[Image-text web data]
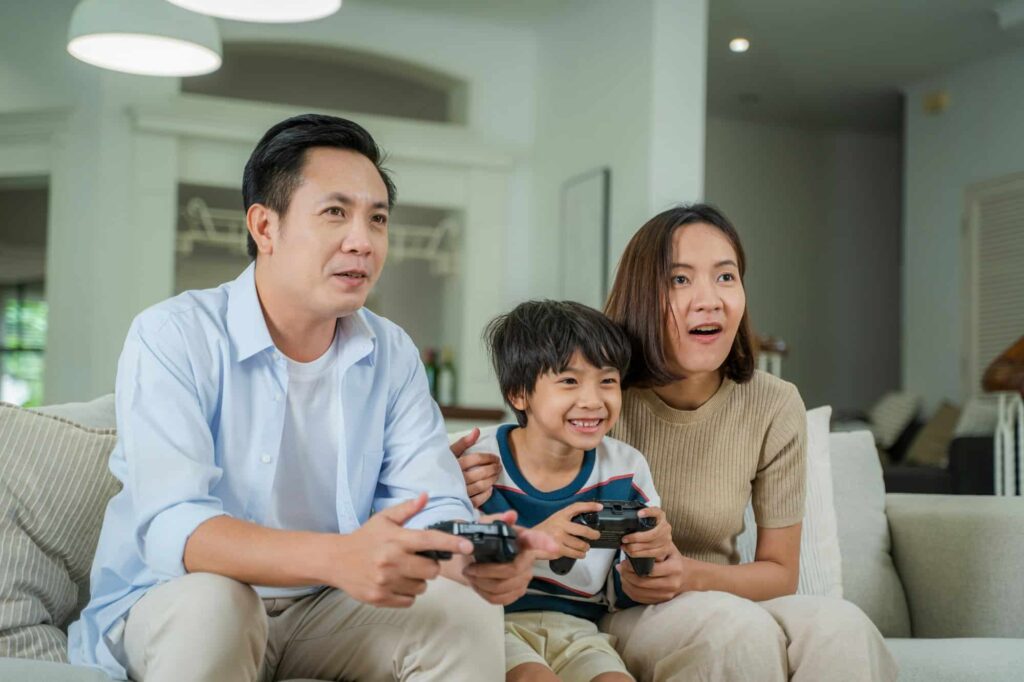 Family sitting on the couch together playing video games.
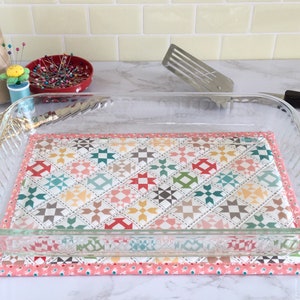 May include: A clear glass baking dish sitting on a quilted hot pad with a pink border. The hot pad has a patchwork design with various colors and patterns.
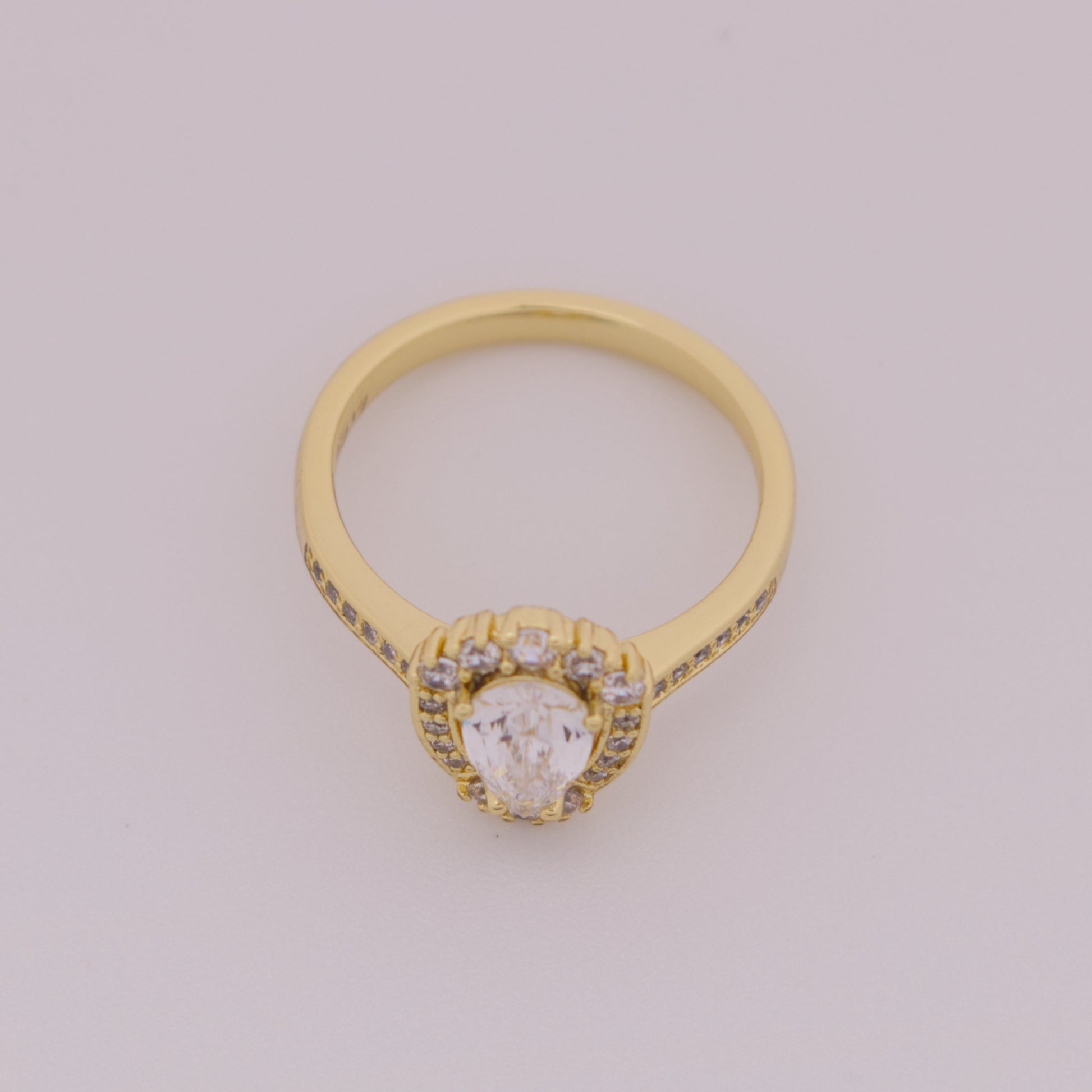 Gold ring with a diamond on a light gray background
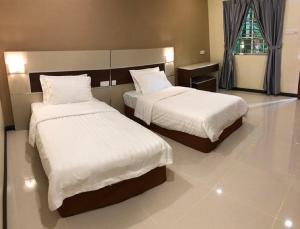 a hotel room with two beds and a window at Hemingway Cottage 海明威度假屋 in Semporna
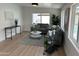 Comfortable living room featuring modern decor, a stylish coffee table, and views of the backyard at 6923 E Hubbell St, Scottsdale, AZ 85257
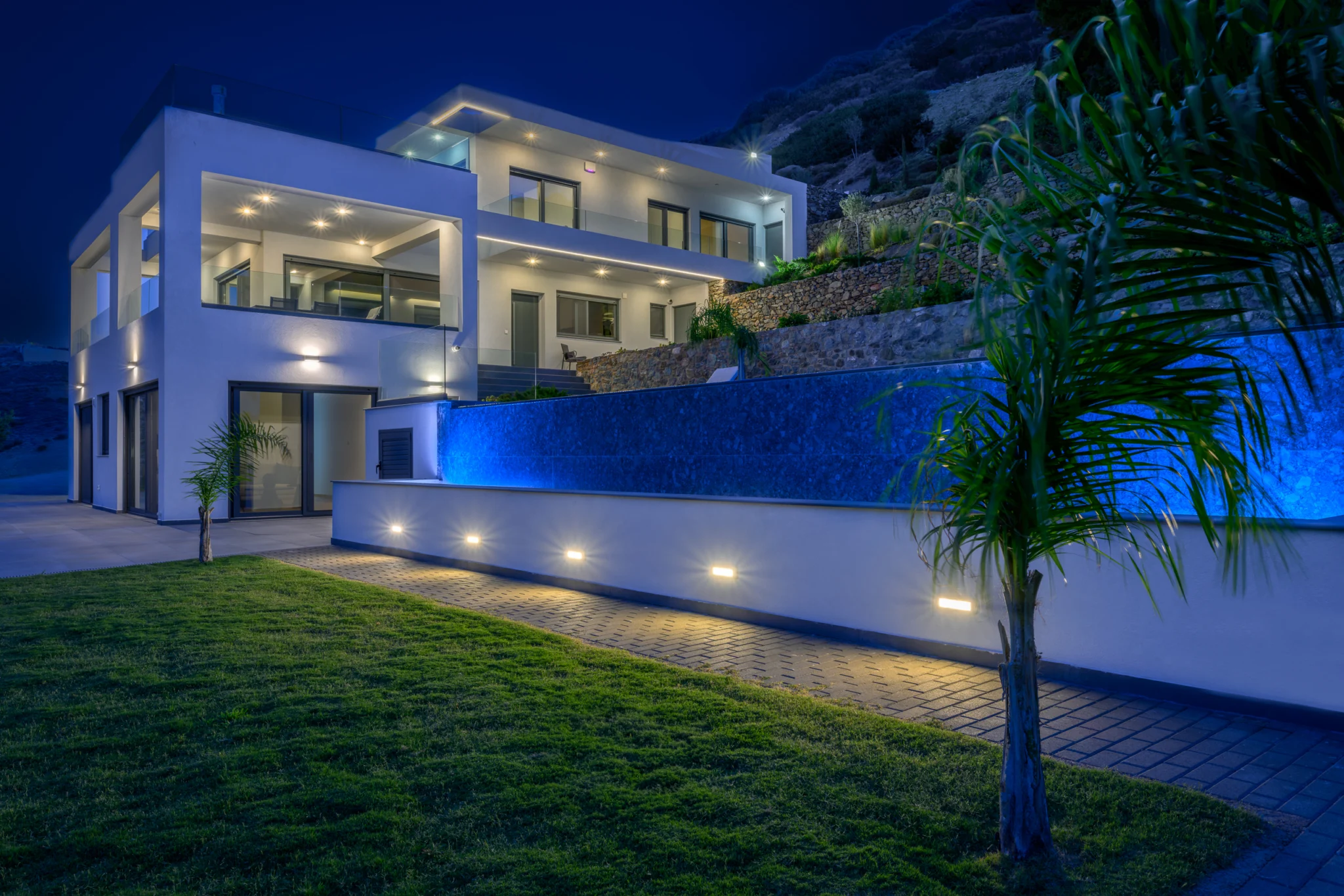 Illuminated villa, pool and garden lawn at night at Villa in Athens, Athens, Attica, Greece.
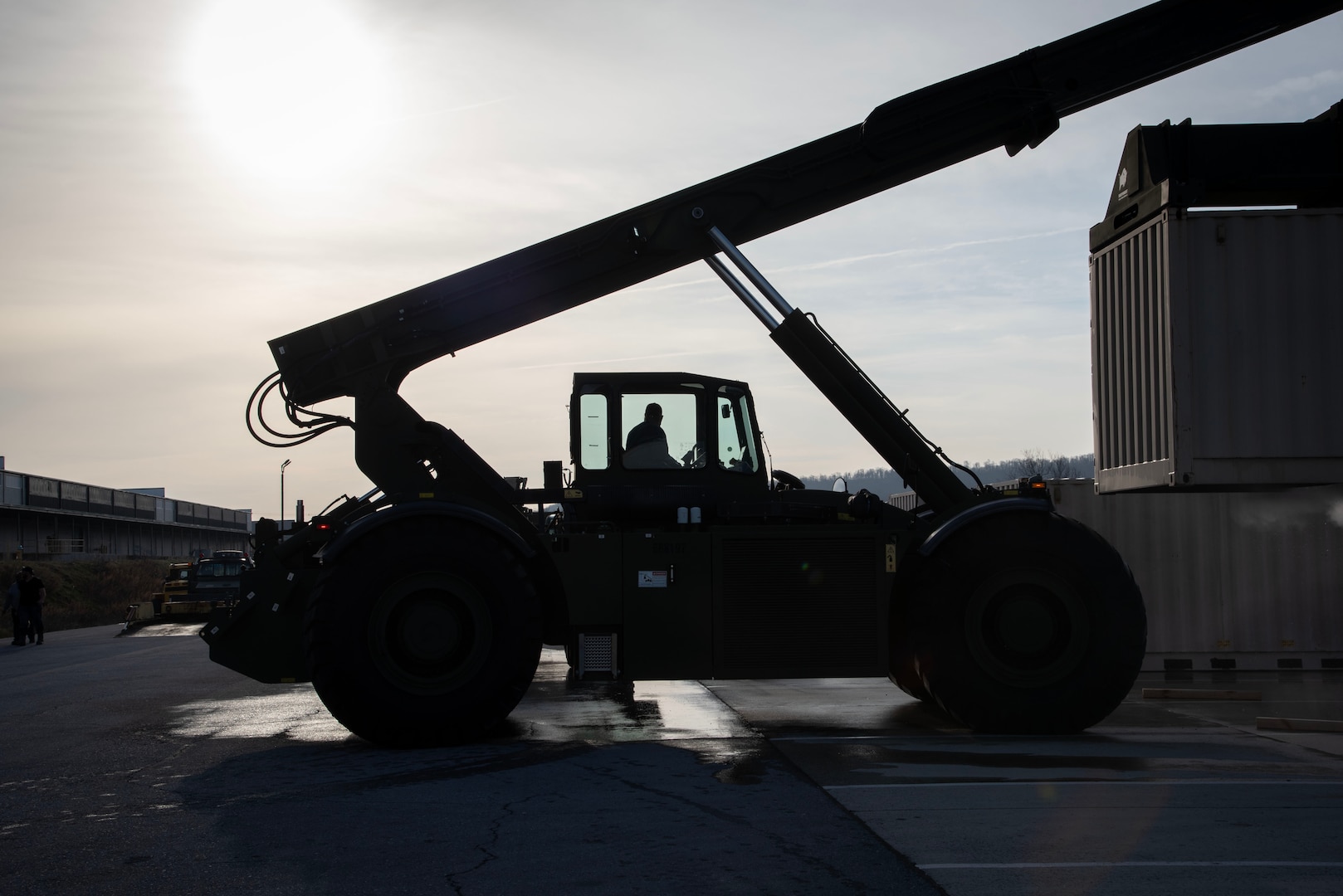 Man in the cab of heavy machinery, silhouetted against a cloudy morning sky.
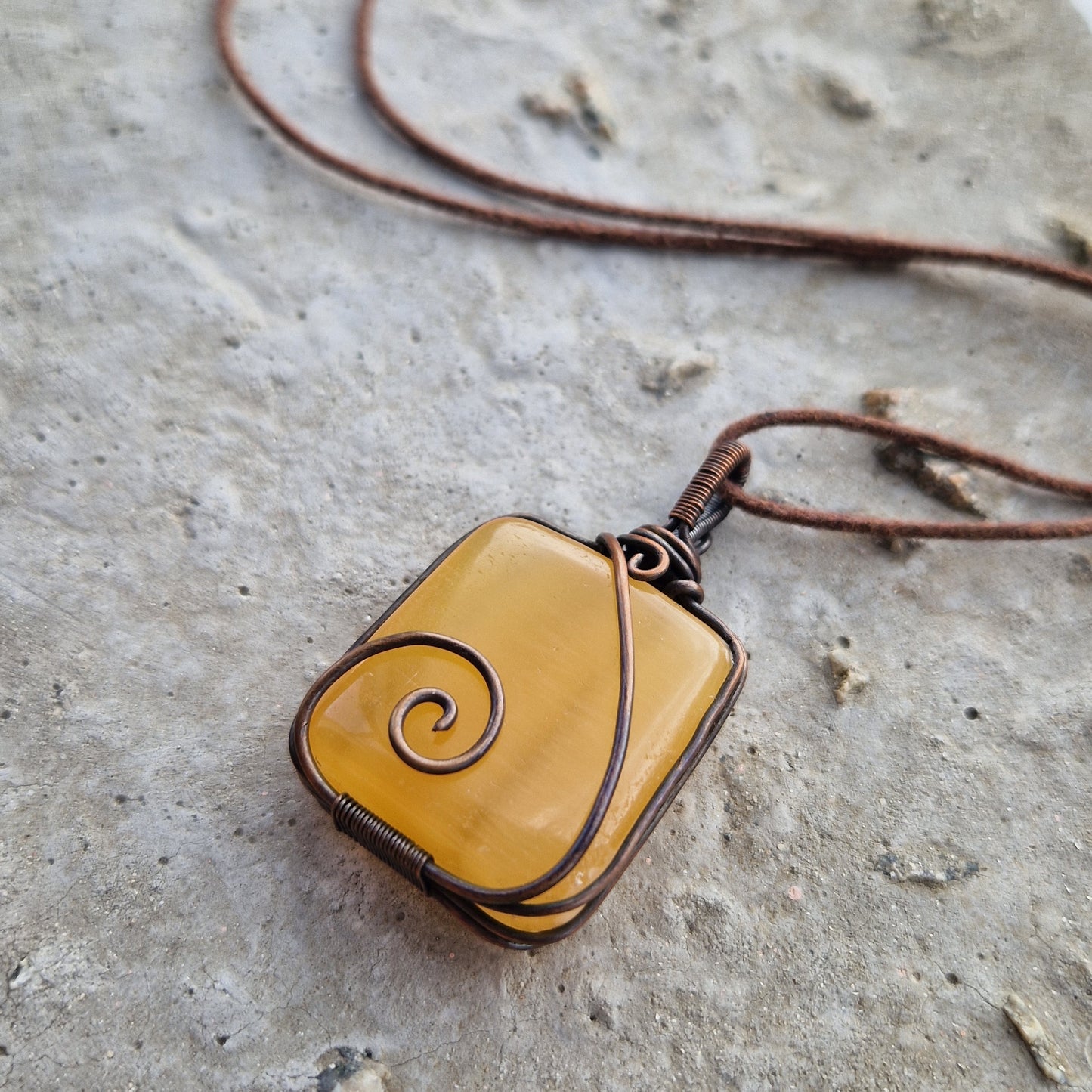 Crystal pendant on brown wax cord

### [Task instructions]
Every entry above is to be copied verbatim, with the pictures removed.

### [Answer box]
 Family sitting on the couch together playing video games.
 May include: A clear glass baking dish sitting on a quilted hot pad with a pink border. The hot pad has a patchwork design with various colors and patterns.
 Gold ring with a diamond on a light gray background
 a hotel room with two beds and a window at Hemingway Cottage 海明威度假屋 in Semporna
 Comfortable living room featuring modern decor, a stylish coffee table, and views of the backyard at 6923 E Hubbell St, Scottsdale, AZ 85257
 Illuminated villa, pool and garden lawn at night at Villa in Athens, Athens, Attica, Greece.
 Man in the cab of heavy machinery, silhouetted against a cloudy morning sky.
 Crystal pendant on brown wax cord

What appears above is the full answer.